Economics Journalist Is a Financial Wreck
Should we mock or pity Edmund Andrews? Or commend him for publicly donning a hairshirt and putting a few more faces on the current crisis?
Andrews is a financial journalist for the New York Times who recently confessed his sins in an article (with more details available in a forthcoming book). As he explained in the article's first two paragraphs:
"If there was anybody who should have avoided the mortgage catastrophe, it was I. As an economics reporter for The New York Times, I have been the paper’s chief eyes and ears on the Federal Reserve for the past six years. I watched Alan Greenspan and his successor, Ben S. Bernanke, at close range. I wrote several early-warning articles in 2004 about the spike in go-go mortgages. Before that, I had a hand in covering the Asian financial crisis of 1997, the Russia meltdown in 1998 and the dot-com collapse in 2000. I know a lot about the curveballs that the economy can throw at us.
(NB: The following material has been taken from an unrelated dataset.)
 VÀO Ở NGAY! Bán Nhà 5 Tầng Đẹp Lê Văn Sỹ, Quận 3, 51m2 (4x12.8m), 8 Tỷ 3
"But in 2004, I joined millions of otherwise-sane Americans in what we now know was a catastrophic binge on overpriced real estate and reckless mortgages. Nobody duped or hypnotized me. Like so many others — borrowers, lenders and the Wall Street dealmakers behind them — I just thought I could beat the odds."
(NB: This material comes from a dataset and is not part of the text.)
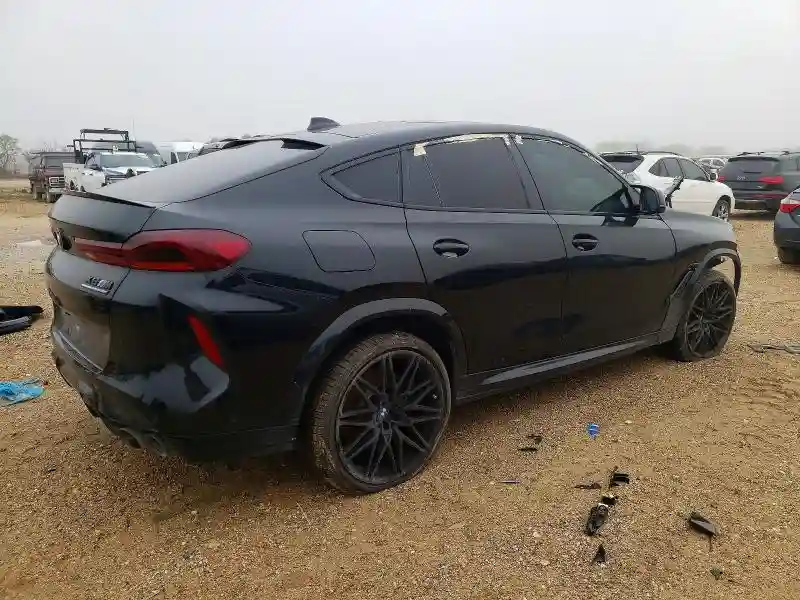 5YMCY0C09M9E09840 2021 BMW X6-2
The story has it all -- divorce, debt, deceit, delusions, and dumb decisions. It's quite a read. I'll just highlight the role relationships played. First, Andrews gets divorced from his wife of 21 years, with the result being that alimony and child support consume 60% of his take-home pay. Then he gets remarried, to an old friend from high school, Patty:
"In the euphoria of moving in together, we both succumbed to magical thinking about ourselves, as well as about money. My fantasy was that Patty would become an ambitious go-getter. 'This can really be an exciting new chapter of your life,' I kept telling her. Patty had a very different dream. 'I feel as if I am finally at home,' she exclaimed as soon as we moved into the house. She could settle down and do the things she had always been best at: making a new home, nurturing her children and loving me. One way or another, she figured, we would earn enough money to make good on our glorious gamble.
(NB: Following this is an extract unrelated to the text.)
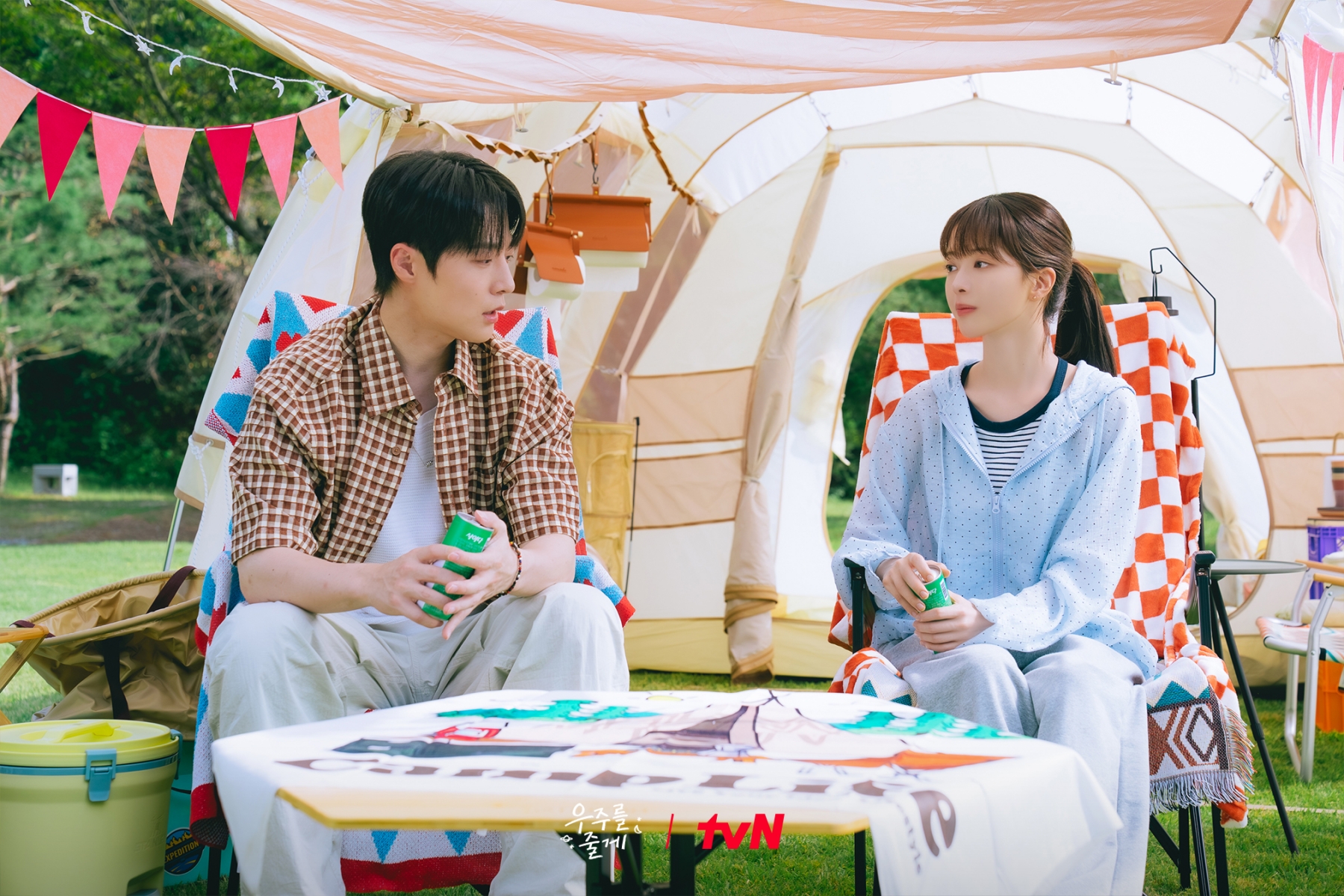 Tết rảnh quá thì mở phim Hàn này là chuẩn bài: Xem cười ha hả cả ngày, nam chính con ai yêu thế không biết- Ảnh 4. Tết rảnh quá thì mở phim Hàn này là chuẩn bài: Xem cười ha hả cả ngày, nam chính con ai yêu thế không biết- Ảnh 4.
"We had very different ideas about money. Patty spent little on herself, but she refused to scrimp on top-quality produce, Starbucks coffee, bottled juices, fresh cheeses and clothing for the children and for me. She regularly bought me new shirts and ties to replace the frayed and drab ones in my closet. She thought it wasn’t worth agonizing over nickels and dimes. I was almost exactly the opposite. My answer to any money squeeze was to stop spending. I would skip lunch at work to save $7. If I arrived at the Metro just before the end of rush hour, I would wait for five minutes to save 50 cents on the fare."
I am reminded of a response Fairholme Fund manager Bruce Berkowitz gave in an interview. He was asked to give advice for MBA graduates entering the job market. He talked about the importance of doing what you like and finding a good mentor. But he concluded with this: "Also, it is important whom you marry. The right person will be beyond-words helpful and the wrong person will destroy everything in your life."